▸ **EXERCISE DETAILS**
Only the lines below from the one with "Casio Lineage LIW-101" through the one with "Yellow, Beige & Silver Sugary Agate on Stand" are to be written out, exactly and without any images.

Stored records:
"""
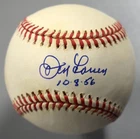 Don Larsen Signed American League Baseball Autograph 10-8-56 Inscription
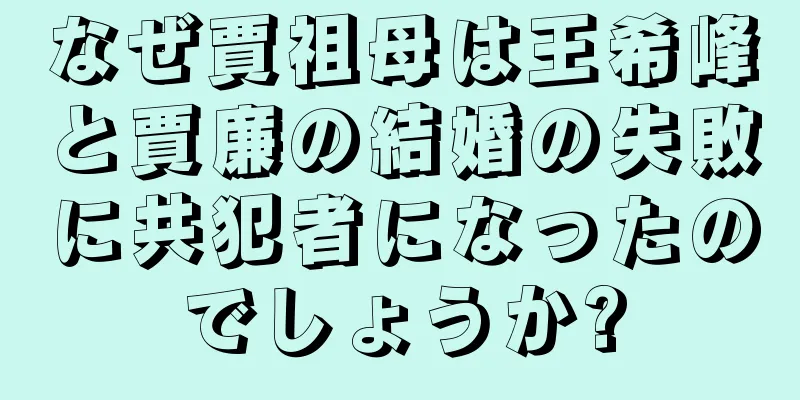 なぜ賈祖母は王希峰と賈廉の結婚の失敗に共犯者になったのでしょうか?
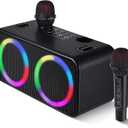 Karaoke Microphone Machines Kids Adults, Karaoke Machine Bluetooth Sound Effects, Bluetooth Wireless Speakers Kareokee Machine Light TF Card/USB Portable Home Party Outdoor/Indoor, Black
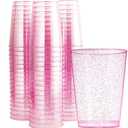 WDF 100pcs 12OZ Rose Gold Cups,Disposable Rose Gold Premium Wedding Glitter Plastic Cups Perfect for Mother's Day/Party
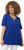 Ulla Popken Essential Notch Neck Stretch Tee Cobalt Blue - Pólók - 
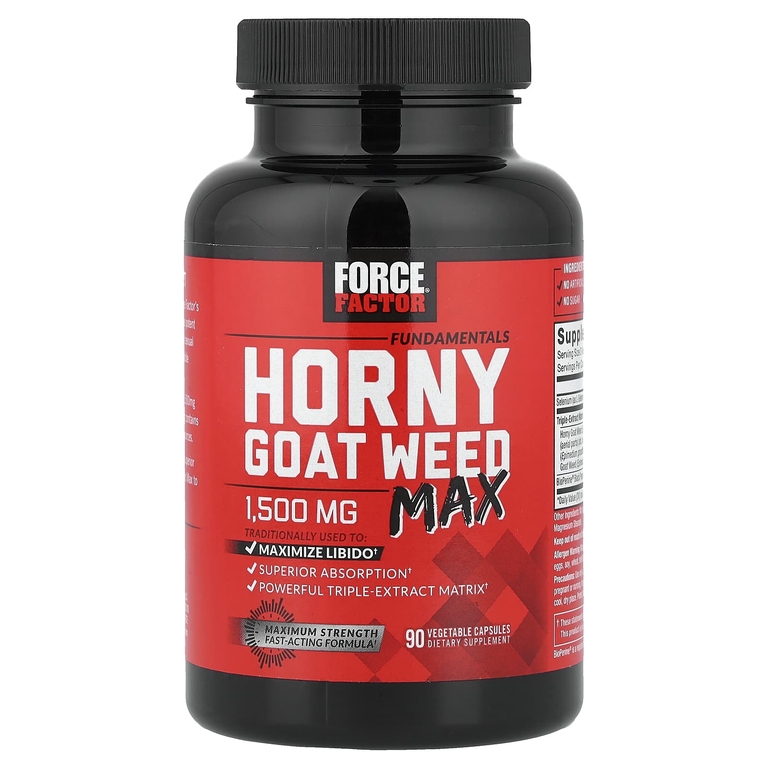 Force Factor, Fundamentals, Honey Goat Weed Max, 90 вегетарианских капсул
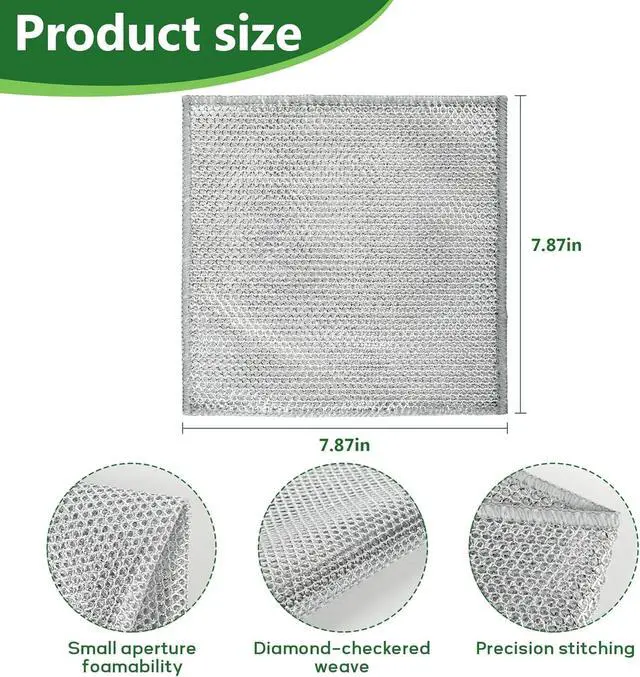 Alt view image 2 of 6 - 12PCS Double-Layer Wire Dishcloth, Non-Scratch Wire Dishwashing Rags, Multipurpose Wire Cleaning Cloths for Home/Kitchen(7.87''x7.87'')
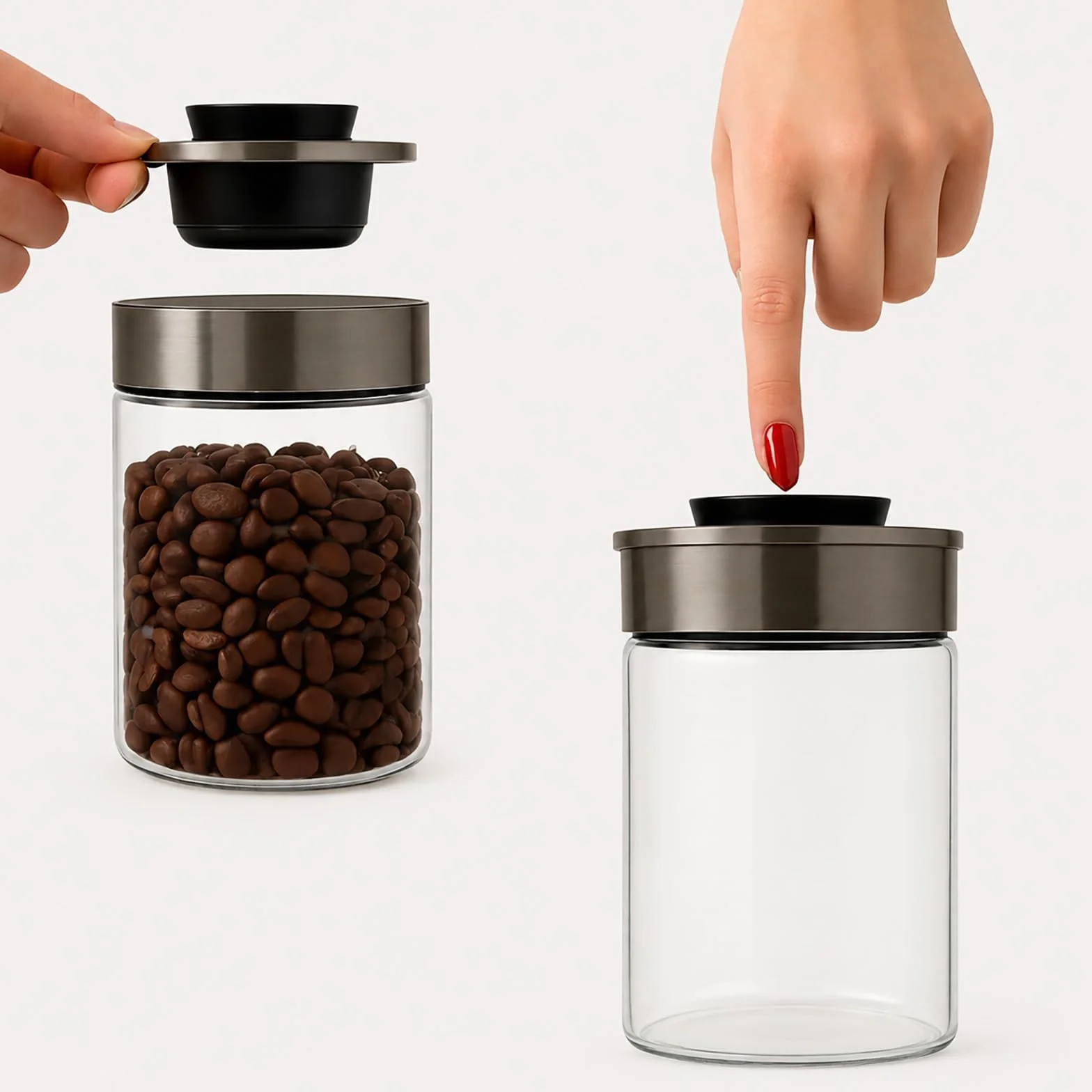 BURI Juego de 6 tarros de cristal de 1000 ml, herméticos con tapa de acero inoxidable y cierre de clic, apilables, aptos para lavavajillas, para cocina, almacenamiento de alimentos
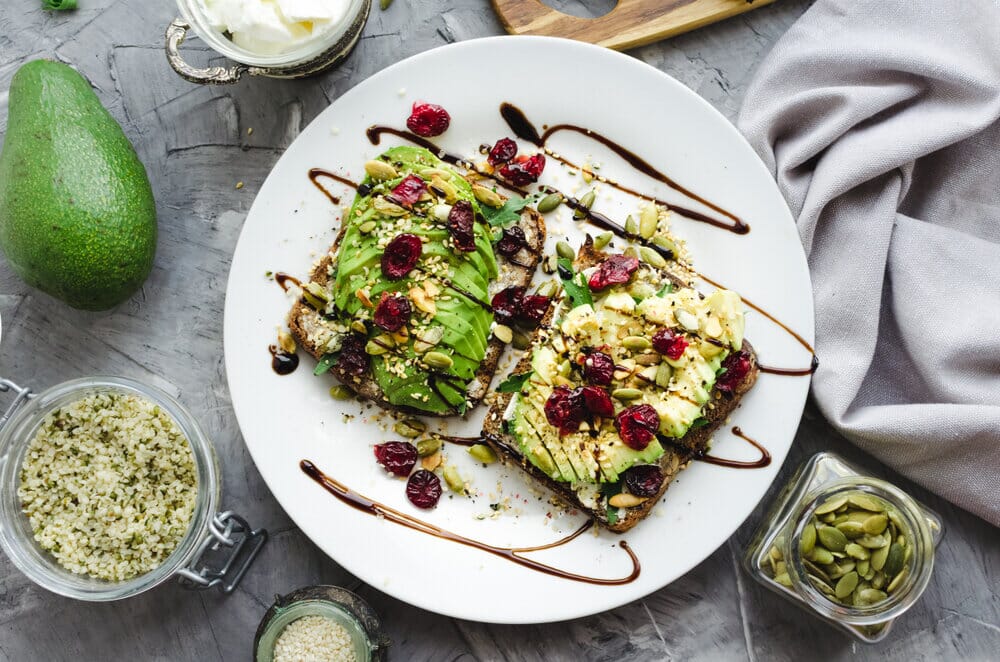 avocado toast topped with hemp seeds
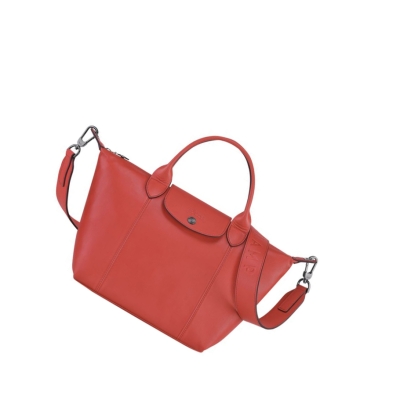 Longchamp Le Pliage Cuir S Handtasche Damen Rot | DE-CLW6439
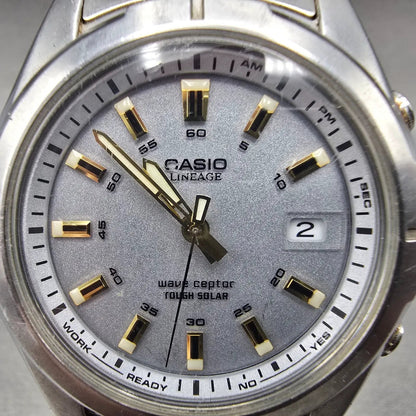 Casio Lineage LIW-101 Watch Men 38mm Gray Dial Steel Date Solar Round Runs JDM1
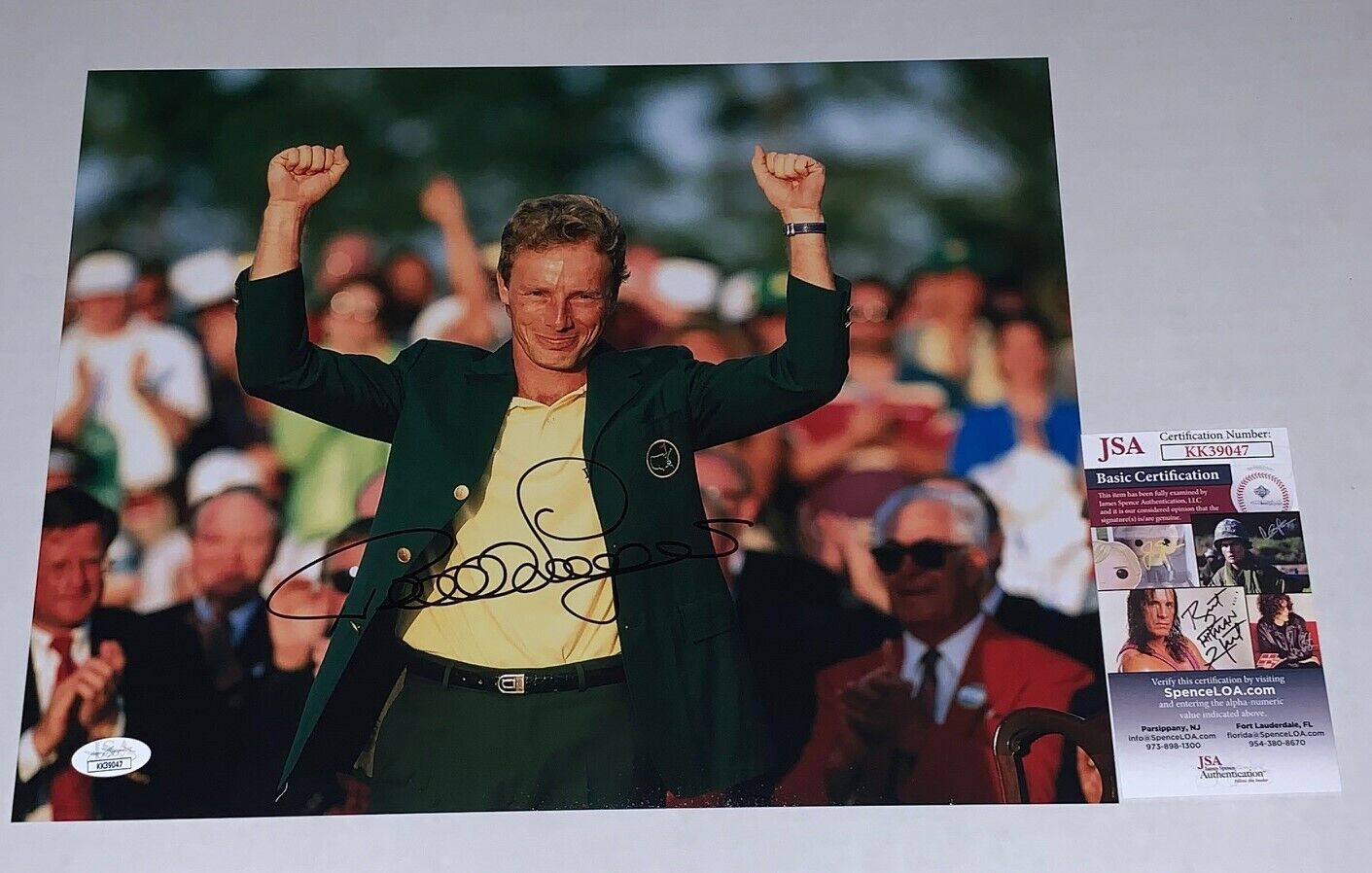 Bernhard Langer signed Masters Green Jacket 11x14 Photo Poster painting autographed JSA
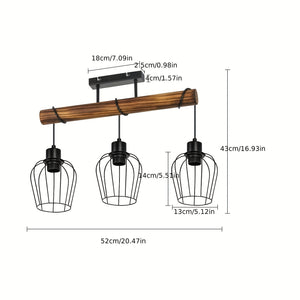 Rustieke 3-Lichts Plafondlamp Semi-Opbouw – Verstelbare Moderne Landelijke Verlichting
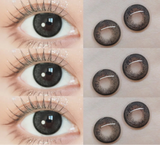 2pcs Color Contact Lenses Black Large Diameter 14.5mm Myopia Diopter -0.00to-8.00 Beauty Pupil High Quality Natural Lens
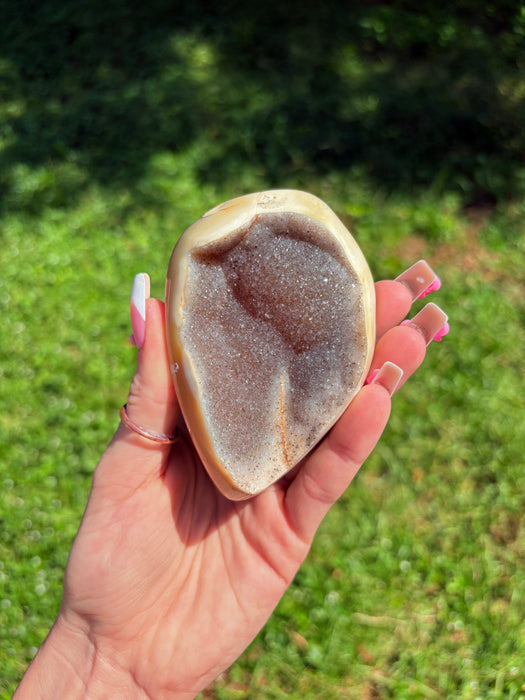 Yellow, Beige & Silver Sugary Agate on Stand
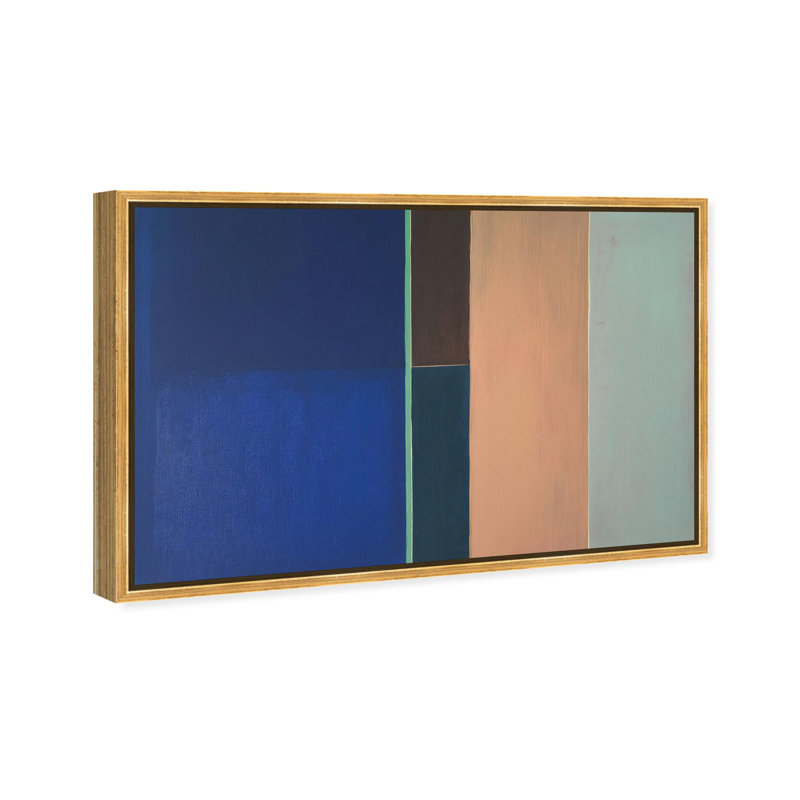 Oliver Gal Inside the Edge Abstract - Heavy Gel Top Coat Framed Canvas Art, 25" H x 37" W, Gold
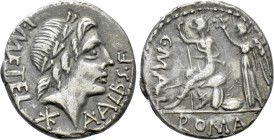 C. MALLEOLUS, A. ALBINUS SP.F. and L. CAECILIUS METELLUS. Denarius (96 BC). Rome.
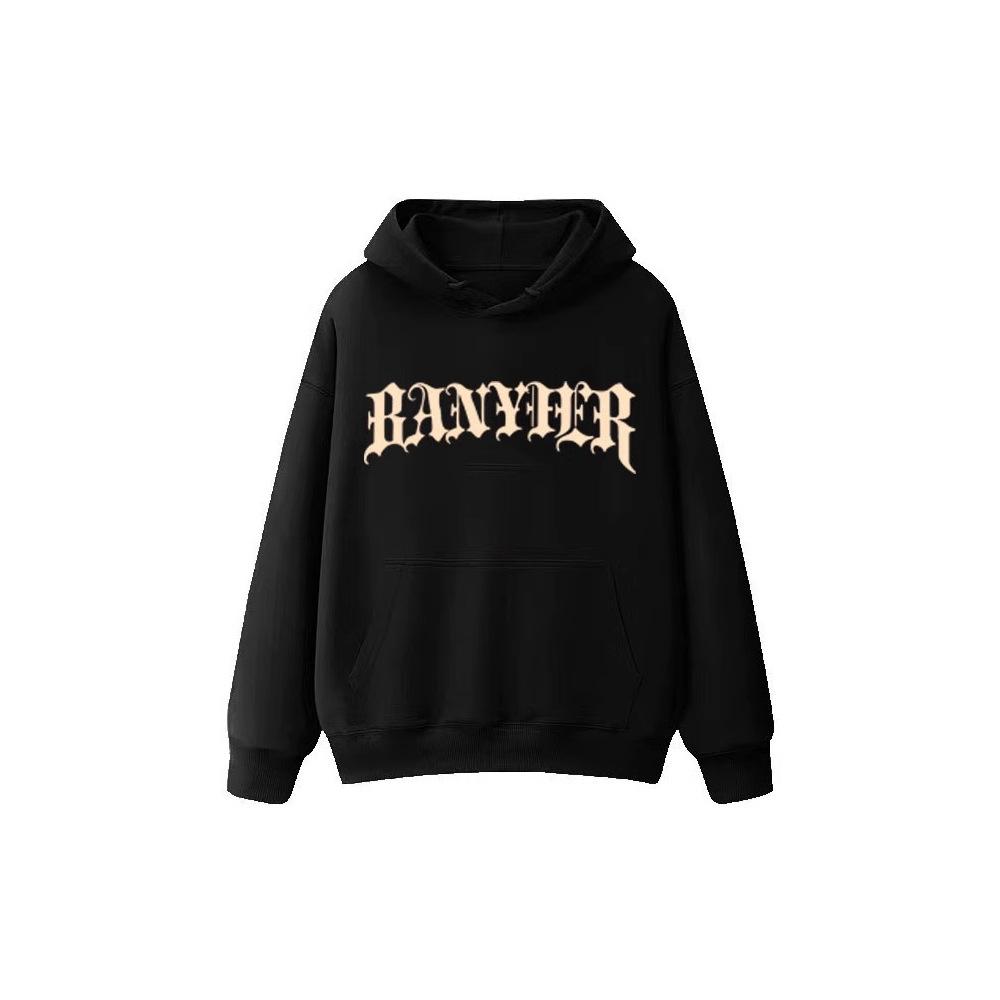 Men's Heavyweight 500G Fleece-Lined Letter Print Hoodie - Autumn/Winter Casual.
"""
▸ **RESPONSE BOX**
 Casio Lineage LIW-101 Watch Men 38mm Gray Dial Steel Date Solar Round Runs JDM1
 Bernhard Langer signed Masters Green Jacket 11x14 Photo Poster painting autographed JSA
 Rustieke 3-Lichts Plafondlamp Semi-Opbouw – Verstelbare Moderne Landelijke Verlichting
 2pcs Color Contact Lenses Black Large Diameter 14.5mm Myopia Diopter -0.00to-8.00 Beauty Pupil High Quality Natural Lens
 Yellow, Beige & Silver Sugary Agate on Stand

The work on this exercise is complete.